Some kind of kernel panic

Hello everyone,

I got the following kernel panic, when trying to boot:

I had to force the restart, but everything works. Does anyone is able to retrieve any information out of it? I have no knowledge about it.

From what I could find:
Ooops: general protection fault, probably for non-canonical address, could be related to RAM problems, so I’ll have to test my RAM.

I am able to boot normally again now, and everything works as always. How do you handle these situations? Just ignore if it happens once? Try to debug?

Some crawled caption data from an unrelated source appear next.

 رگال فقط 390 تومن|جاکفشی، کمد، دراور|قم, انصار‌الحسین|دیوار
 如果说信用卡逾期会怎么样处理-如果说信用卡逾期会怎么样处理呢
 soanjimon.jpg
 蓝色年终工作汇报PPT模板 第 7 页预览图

Sorry, there was sun and I was not home and couldn’t move (I was in a coffee shop).

My main question is:
How seriously should I take these?

I already had some before on other machines (when I was on Debian, mainly when booting from deep sleep and unencrypting).

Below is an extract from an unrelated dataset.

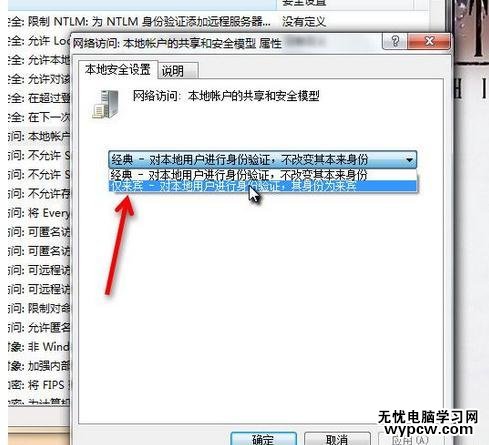 怎樣設置網絡共享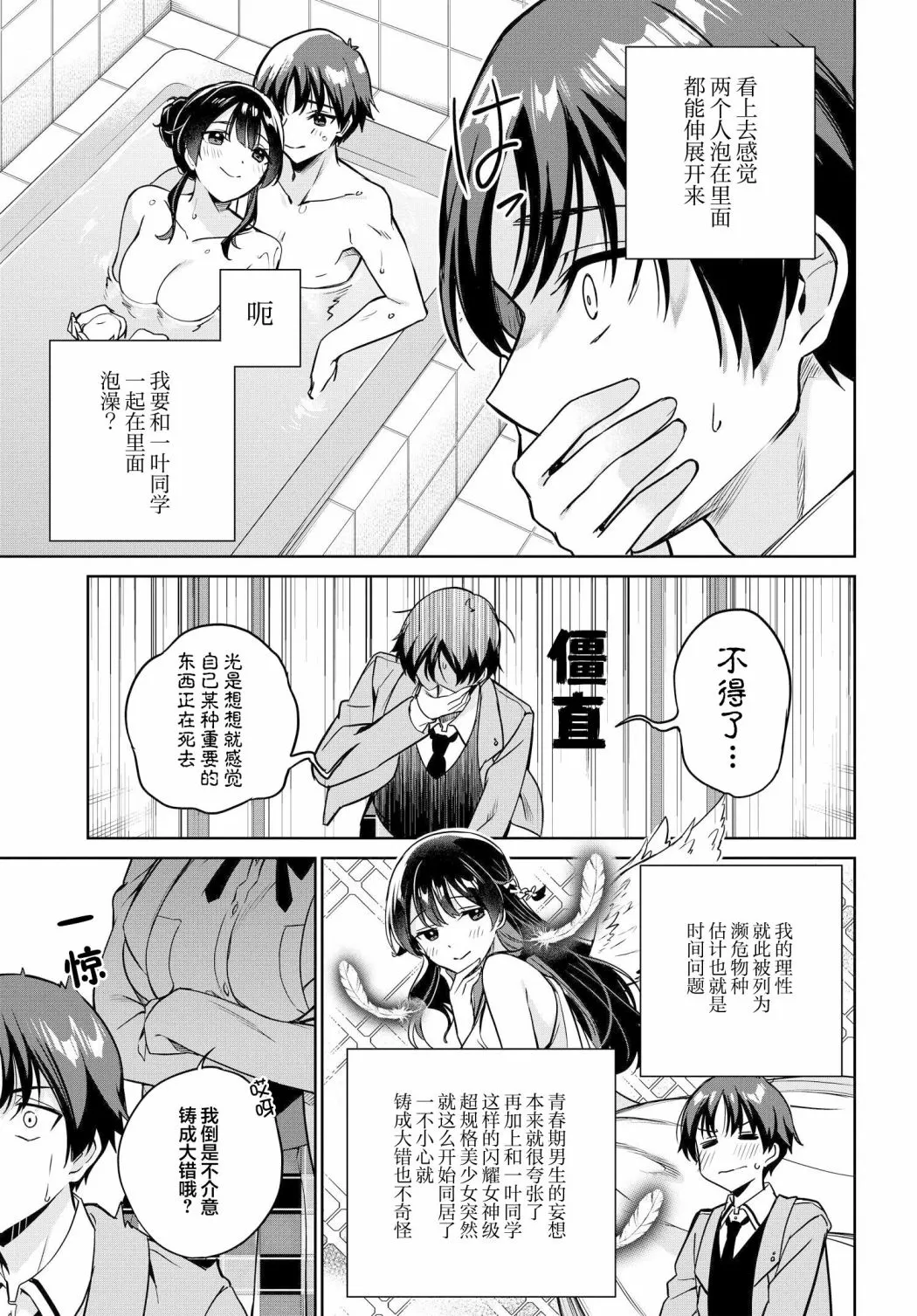 第06话 第3页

This one happened after unencrypting the drive during my first boot.

What is visible shows the problem in btrfs driver. It could be permanent on-disk corruption, it could be run-time problem that went away after restart. It makes sense to boot any live medium with as recent as possible btrfsprogs and run btrfs check on this filesystem. And run memory test as well (not once, leave it running over night).

How do I do this? Is it possible to run it from a burned Leap/Tw/Aeon-USB?

For the memory test, I suppose running the latest Leap/Tumbleweed ISO from a USB and running a memtest from GRUB is the way to go?

Thank you, I will do that tomorrow then. Sadly I cannot do this today, since it is my only work laptop right now, and I still have to work tomorrow. I just made a backup, so I still am somewhat protected, if anything goes wrong…

Leap is too old, Tumbleweed should be fine, Aeon is just a Tumbleweed under the hood.

Many thanks! I know, I just wanted to make sure not to take the wrong one!

may i ask if you’re dual booting windows? similar thing happened to me when a windows update enabled fastboot in secret and disabling it in the windows terminal fixed it

Hello,no, I do not dual boot on this machine.

Hello, no, I do not dual boot on this machine.

Check BIOS settings for iGPU memory (RAM buffer) - set it to some constant value (1 - 2 GiB is OK). By default ‘RAM buffer’ = ‘dedicated RAM to iGPU’ is set to ‘auto’, that means dynamically allocate & change VRAM volume in RAM. This can cause surprises for Linux kernel.

Also try to reconnect (reset) memory modules if possible.